Cultural and Historical References
Norma Jean’s identification with Marilyn Monroe has ominous implications. Monroe, whose early life was like Norma Jean’s, died at the age of thirty-six from an overdose of sleeping pills, possibly a suicide. She exemplified the classic show-business tragedy. Before they go to Shiloh, Norma Jean tells Leroy that his name means “the king.” This identifies Leroy with Elvis Presley, who was also from a small southern town. Elvis rose to fame and fortune, only to die at age forty-two of health problems complicated by his reliance on drugs. Leroy sometimes used speed on the road, smokes marijuana, and asks Stevie Hamilton what other drugs he has. With those references, Bobbie Ann Mason suggests the potential destructiveness of twentieth century mass culture. Norma Jean also tells Leroy that her name comes from the Normans, who were invaders. This connects to the story’s title and relates Norma Jean to the North, Leroy to the South, in the Civil War.
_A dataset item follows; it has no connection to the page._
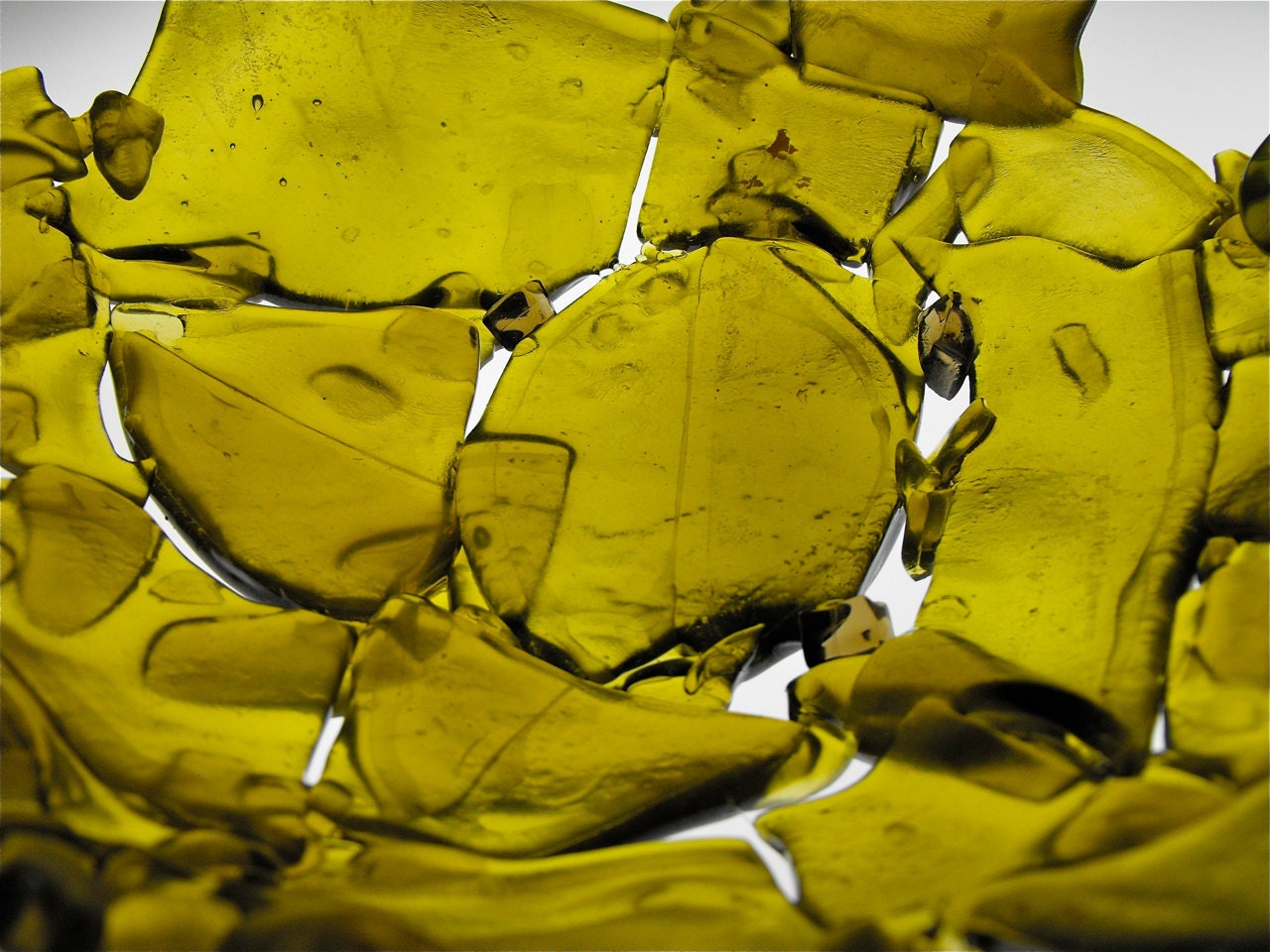 Broken Bottle Bowl - Chardonnay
Symbolism of Shiloh and the End of Marriage
At Shiloh, Confederate forces ambushed Union troops on April 6, 1862, pushing back the lines of the invading army. The next day Union forces retook the lost ground, pushing the Confederate troops back to Corinth, Tennessee. Neither army won this battle, in which approximately ten thousand men were killed on each side. Leroy ambushed Norma Jean when he came home after his accident. When Mason describes Norma Jean marching through the kitchen doing goose steps, she implies that she has become a soldier in the army of mass culture. Her counterattack on Leroy occurs when she says she wants to leave him. The end of the marriage represents the death of the family in twentieth century society, and of the future, represented by Randy. The baby died in the backseat of their car, while Leroy and Norma Jean watched Doctor Strangelove (1963) at the drive-in—a film about the end of civilization.